Any individual who continues to practice with an expired license or certificate of registration or certification after 30 days following its expiration date shall be deemed to be engaged in unlicensed practice of the regulated profession or occupation, even if no notice of suspension has been provided to the individual.
Defendant's license to practice medicine required renewal by June 30, 2003. Although he denies receipt of a license renewal form, evidence establishes that, on April 1, 2003, defendant submitted a "prerenewal application" for the period from July 1, 2003 through June 30, 2005. One section of the prerenewal application was captioned "MEDICAL MALPRACTICE COVERAGE," and it stated: "By law you must have medical malpractice insurance (in the amount of at least $1 million per occurrence and $3 million per policy) or a letter of credit (in the amount of at least $500,000) unless you are exempt." In response to the form's questions, defendant stated that he did not have "the required medical malpractice insurance coverage or a letter of credit[,]" and he stated that he was not exempt. Defendant appended to the prerenewal application a note that stated:
Dear Medical Board, I delayed returning these forms because I could not obtain affordable malpractice insurance after my previous insurer stopped doing business in New Jersey and elsewhere. I desperately need help as I know liability insurance is required. Please provide an answer for me.

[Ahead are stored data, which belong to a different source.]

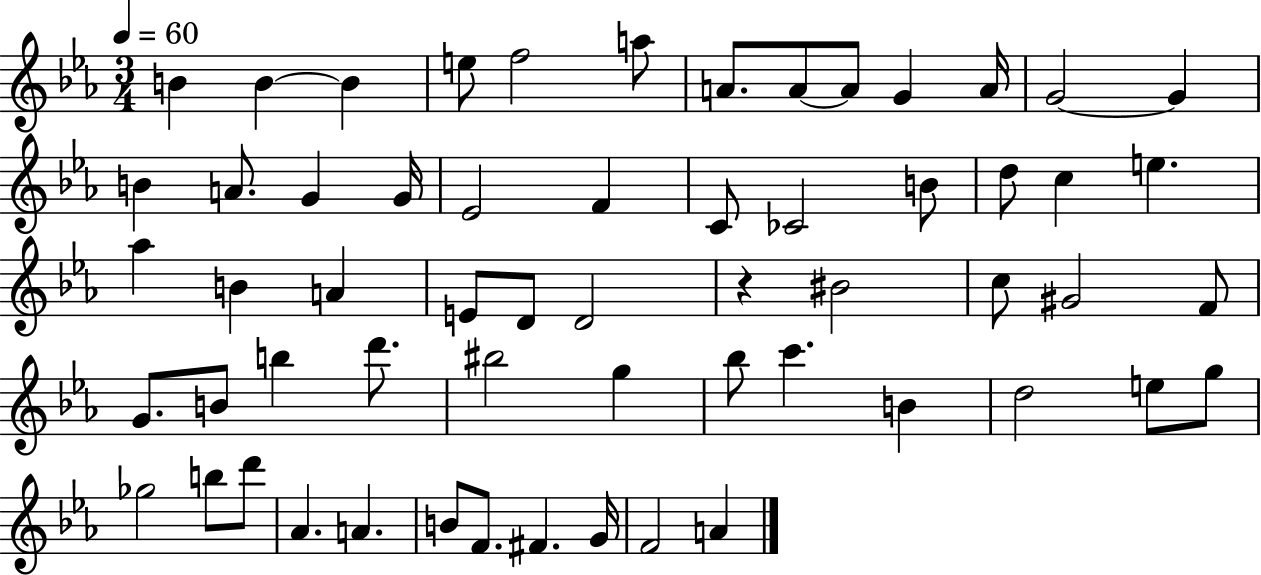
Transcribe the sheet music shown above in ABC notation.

X:1
T:Untitled
M:3/4
L:1/4
K:Eb
B B B e/2 f2 a/2 A/2 A/2 A/2 G A/4 G2 G B A/2 G G/4 _E2 F C/2 _C2 B/2 d/2 c e _a B A E/2 D/2 D2 z ^B2 c/2 ^G2 F/2 G/2 B/2 b d'/2 ^b2 g _b/2 c' B d2 e/2 g/2 _g2 b/2 d'/2 _A A B/2 F/2 ^F G/4 F2 A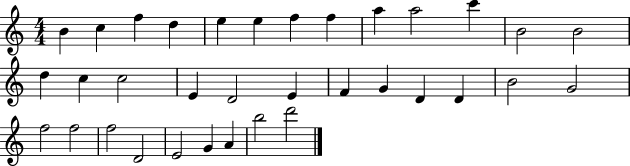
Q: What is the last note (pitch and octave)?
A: D6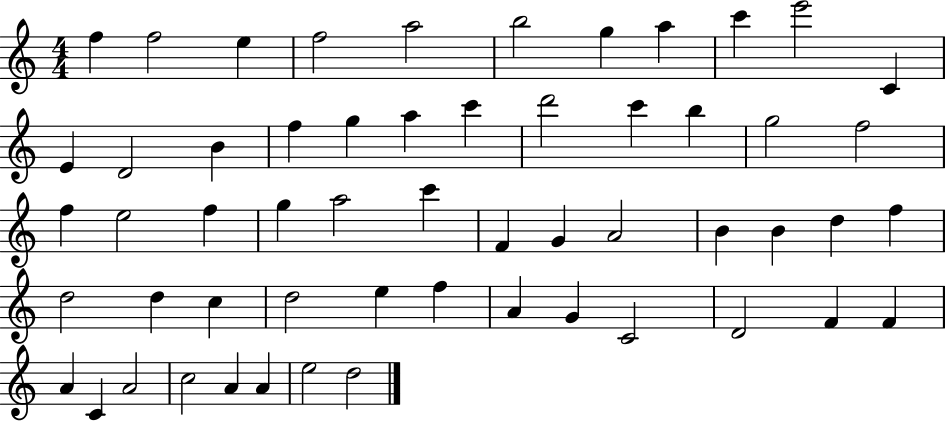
F5/q F5/h E5/q F5/h A5/h B5/h G5/q A5/q C6/q E6/h C4/q E4/q D4/h B4/q F5/q G5/q A5/q C6/q D6/h C6/q B5/q G5/h F5/h F5/q E5/h F5/q G5/q A5/h C6/q F4/q G4/q A4/h B4/q B4/q D5/q F5/q D5/h D5/q C5/q D5/h E5/q F5/q A4/q G4/q C4/h D4/h F4/q F4/q A4/q C4/q A4/h C5/h A4/q A4/q E5/h D5/h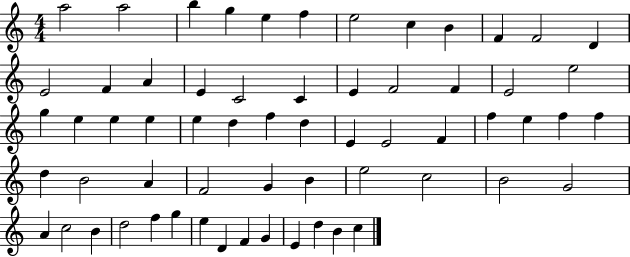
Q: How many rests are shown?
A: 0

My take pay [sic] last year was less than 2,000. My wife supports me. [signed] Benjamin Levine.
Colleen Feldman, a secretarial assistant employed by the Board of Medical Examiners (Medical Board) testified at trial that she called defendant on April 30 and May 1, 2003 to discuss the prerenewal application. On May 1, defendant returned her call, at which time Feldman informed him that he could not practice without medical malpractice insurance. In trial testimony, defendant acknowledged speaking to Feldman, although he testified that she had not mentioned insurance when instructing him "don't practice" because "[y]ou didn't get your renewal certificate or you wouldn't get it." Defendant acknowledged that he did not submit a renewal application for the 2003-05 period.

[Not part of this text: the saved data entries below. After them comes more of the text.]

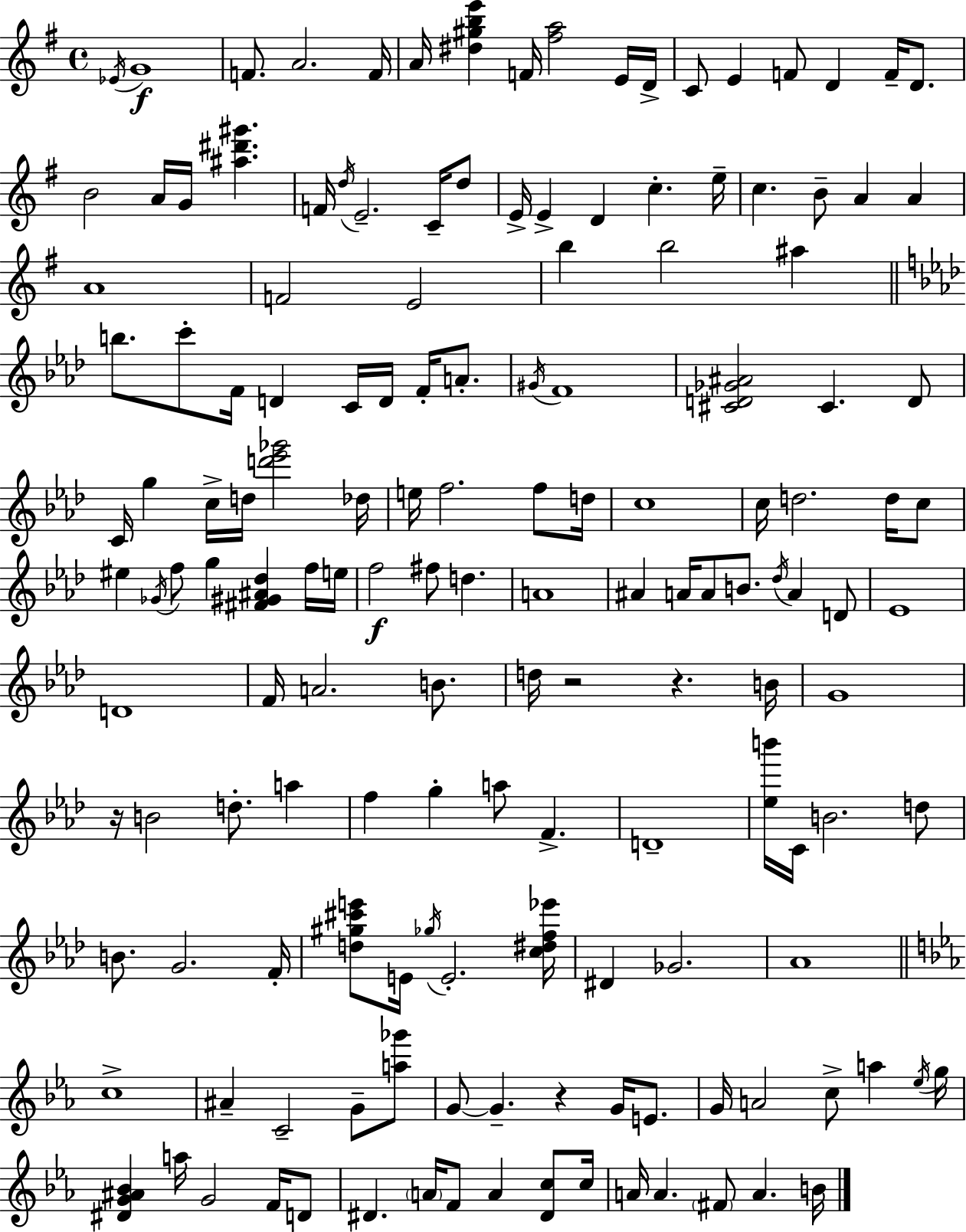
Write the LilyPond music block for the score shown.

{
  \clef treble
  \time 4/4
  \defaultTimeSignature
  \key g \major
  \acciaccatura { ees'16 }\f g'1 | f'8. a'2. | f'16 a'16 <dis'' gis'' b'' e'''>4 f'16 <fis'' a''>2 e'16 | d'16-> c'8 e'4 f'8 d'4 f'16-- d'8. | \break b'2 a'16 g'16 <ais'' dis''' gis'''>4. | f'16 \acciaccatura { d''16 } e'2.-- c'16-- | d''8 e'16-> e'4-> d'4 c''4.-. | e''16-- c''4. b'8-- a'4 a'4 | \break a'1 | f'2 e'2 | b''4 b''2 ais''4 | \bar "||" \break \key aes \major b''8. c'''8-. f'16 d'4 c'16 d'16 f'16-. a'8.-. | \acciaccatura { gis'16 } f'1 | <cis' d' ges' ais'>2 cis'4. d'8 | c'16 g''4 c''16-> d''16 <d''' ees''' ges'''>2 | \break des''16 e''16 f''2. f''8 | d''16 c''1 | c''16 d''2. d''16 c''8 | eis''4 \acciaccatura { ges'16 } f''8 g''4 <fis' gis' ais' des''>4 | \break f''16 e''16 f''2\f fis''8 d''4. | a'1 | ais'4 a'16 a'8 b'8. \acciaccatura { des''16 } a'4 | d'8 ees'1 | \break d'1 | f'16 a'2. | b'8. d''16 r2 r4. | b'16 g'1 | \break r16 b'2 d''8.-. a''4 | f''4 g''4-. a''8 f'4.-> | d'1-- | <ees'' b'''>16 c'16 b'2. | \break d''8 b'8. g'2. | f'16-. <d'' gis'' cis''' e'''>8 e'16 \acciaccatura { ges''16 } e'2.-. | <c'' dis'' f'' ees'''>16 dis'4 ges'2. | aes'1 | \break \bar "||" \break \key ees \major c''1-> | ais'4-- c'2-- g'8-- <a'' ges'''>8 | g'8~~ g'4.-- r4 g'16 e'8. | g'16 a'2 c''8-> a''4 \acciaccatura { ees''16 } | \break g''16 <dis' g' ais' bes'>4 a''16 g'2 f'16 d'8 | dis'4. \parenthesize a'16 f'8 a'4 <dis' c''>8 | c''16 a'16 a'4. \parenthesize fis'8 a'4. | b'16 \bar "|."
}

Defendant's friend and patient, Jay Tauber, testified on defendant's behalf that, in July 2003, defendant had mentioned his insurance difficulties, at which time Tauber offered to "help him with $700,000 of malpractice support" effective July 21, 2003. However, the offer of money was not in the form of a letter of credit, and the agreement was not memorialized in a letter to the Medical Board until three years later, on December 14, 2006, at which time Tauber stated:
This letter is being written at the request of Dr. Benjamin Levine to explain my agreement to give him malpractice support of at least $700,000 if he should have a judgment against him after Monday, July 21st, 2003.
Despite the language contained in the prerenewal application, defendant testified that he did not know that he could satisfy the insurance requirement of his license renewal with a letter of credit until "maybe a year, maybe a year and a half" after Tauber's verbal offer of financial support. Defendant never sought or obtained a letter of credit in the relevant time period.

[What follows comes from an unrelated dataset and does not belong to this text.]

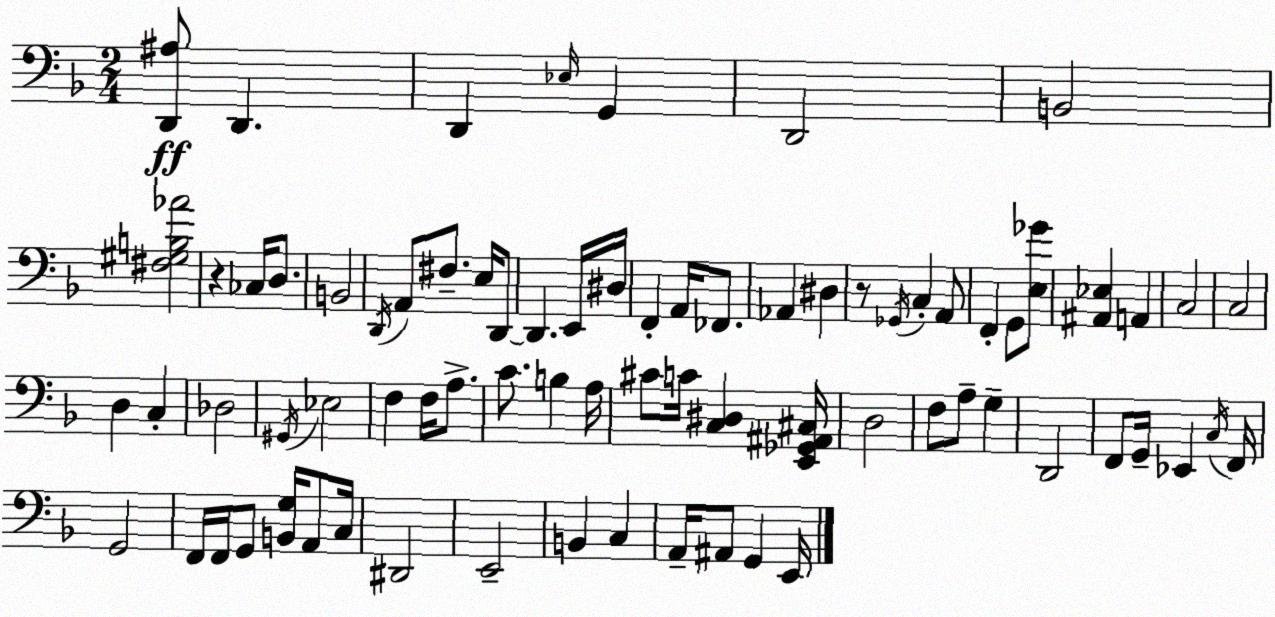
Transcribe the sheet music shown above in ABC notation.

Following receipt by the Medical Board of an anonymous letter, dated December 25, 2003, stating that defendant was practicing medicine and prescribing drugs without a license, Susan Sugalski, an investigator with the Enforcement Bureau of the Division of Consumer Affairs was assigned to investigate the allegations. Upon taking the assignment, Sugalski made a sweep of pharmacies in the area in which defendant practiced, requesting that those pharmacies permit her to view pharmacy profiles pertaining to defendant for the period from June 2003 to June 2004 in order to determine whether he was writing prescriptions. Additionally, Sugalski requested that her colleague, Investigator Tracey Muse, pose as a patient and determine whether defendant would treat her, which he did on August 30, 2004, following up on the visit with a letter requesting her comments and asking whether she would refer other patients to the office. Sugalski served a subpoena upon defendant to obtain the records of Muse's visit, but defendant refused to produce them.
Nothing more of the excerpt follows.